RS2: I was in a very lengthy email debate with someone this past Spring on the assertion you made about "...historical contradictions (they really aren't when you realize that they were not intended by the writer to be understood as asserting the precise historical place and time that they occurred."
JA: Precisely, as I stated above. But, who is qualified to say what was intended by the author? You? Me? or the historical-critical exegetes who serve the Church. The Church Herself makes no such findings.
RS3: Jorge, the Church has never taught the idea that an historical narrative has errors, nor that the theological import of the narrative has precedence over the historicity of the narrative, nor that historical errors are not really errors if we understand the intent of the author. Only the historical-critical exegetes are saying that stuff. If the Church thought these were such cogent ideas they would have officially endorsed them, but she hasn’t, and you know it. My goodness, you treat Fr. Brown almost as if he were a church in himself. But you simply have no proof or documentation for your claims.
RS2: "I will say this, Jorge. You have no way of knowing what the "intention" of the author is. You cannot read the mind of evangelist in the first century. All you know is what the text gives you, and almost everyone will agree that it doesn't give us very much. Unless you can prove what the "intention" of the biblical writer is, then you really have no basis for saying that he made a particular historical error."
JA: I am not qualified but people like Brown, et. al. are.
RS3: Oh?
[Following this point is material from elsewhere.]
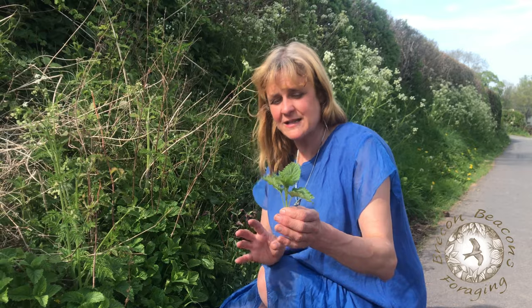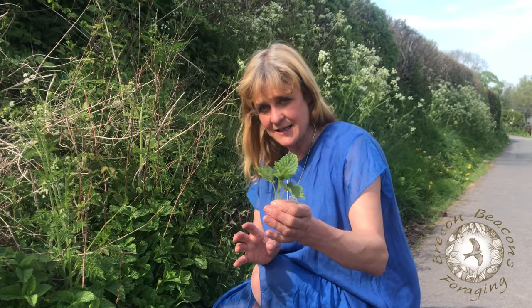If you find the word 'balm' attached to a plant, that means it's a blessing. So although this is growing in the road like a weed, nevertheless it's a plant that was considered to be a blessing for human beings.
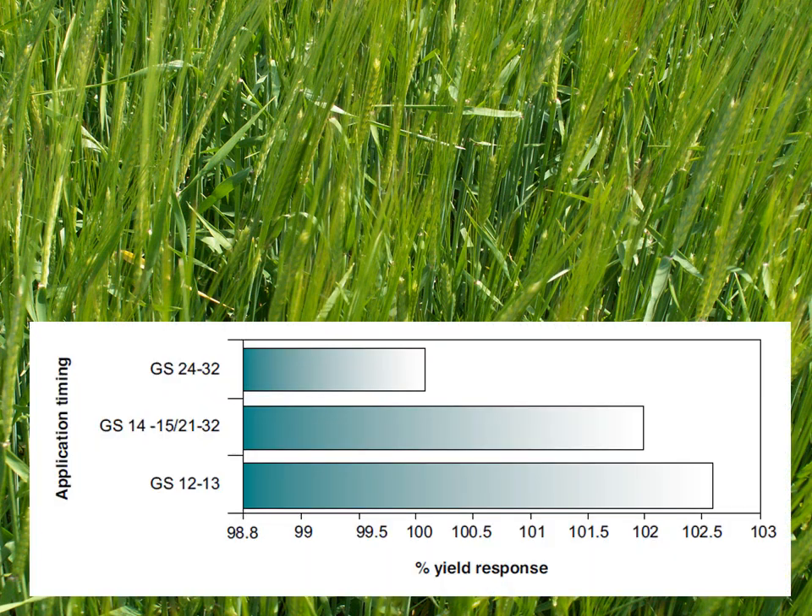This chart, which is from a series of our trials, shows how small the yield response to treatment can be on arable farms. It shows that earlier treatment gives the best response. Feed crops on mixed farms can be much more weedy, and annual meadow grass can be a particular nuisance, and yield responses can be greater.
Can Fr. Brown read the minds of the first century evangelists? Can he be so certain of his conclusions that he can resolutely, without any doubt, say that there are definitely errors in Scripture? Fr. Brown is not omniscient, Jorge. He cannot prove what the "intent" of the author was, because he wasn’t there. This stuff is precisely what the Protestants gave up on 100 years ago, and your now wallowing in their vomit. Believe me, Jorge, I was a Protestant for 18 years. None of this stuff is new to me. It’s the same old arguments, just a different venue. I guarantee you this: it will not get you any closer to God. I’ve seen it happen over and over again. Those who retreat to biblical errancy eventually end up losing their faith.
RS2: "In fact, for all the allowance that the five last popes have given to higher criticism, not one of them has ever said that there are historical errors in the Bible. Isn't that a curious lacuna in your theory? END"
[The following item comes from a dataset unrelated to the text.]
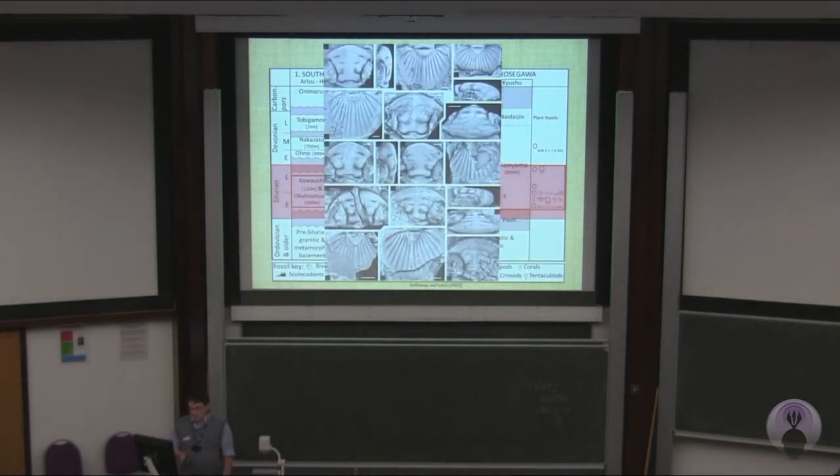This is a plate from a paper on Australian trilobites, and these ones are from Japan — the Kurasegawa terrain. You can clearly see that the exact same species occurs in Japan as in Australia. This paper has also re-described and re-evaluated some of the key species of trilobites, which is shedding new light on the paleogeography of the region.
JA: Not in a Church teaching no. Don't you find it curious that VatII rejected 100% historical inerrancy?
RS3: I find it curious that you are really not that familiar with what went on at Vatican II, yet you seem bent on making definitive conclusions. Vatican II rejected Schemas 1-3 for reasons other than what you claim. In keeping with the positive slant the Father’s wished for Vatican II, Schemas 1-2 were rejected because of the harsh, negative language, not because Vatican II suddenly believed there were errors in Scripture.
JA: The list of historical errors that were pointed out at VATII and the ones identified by other scholars make it clear that there are historical errors.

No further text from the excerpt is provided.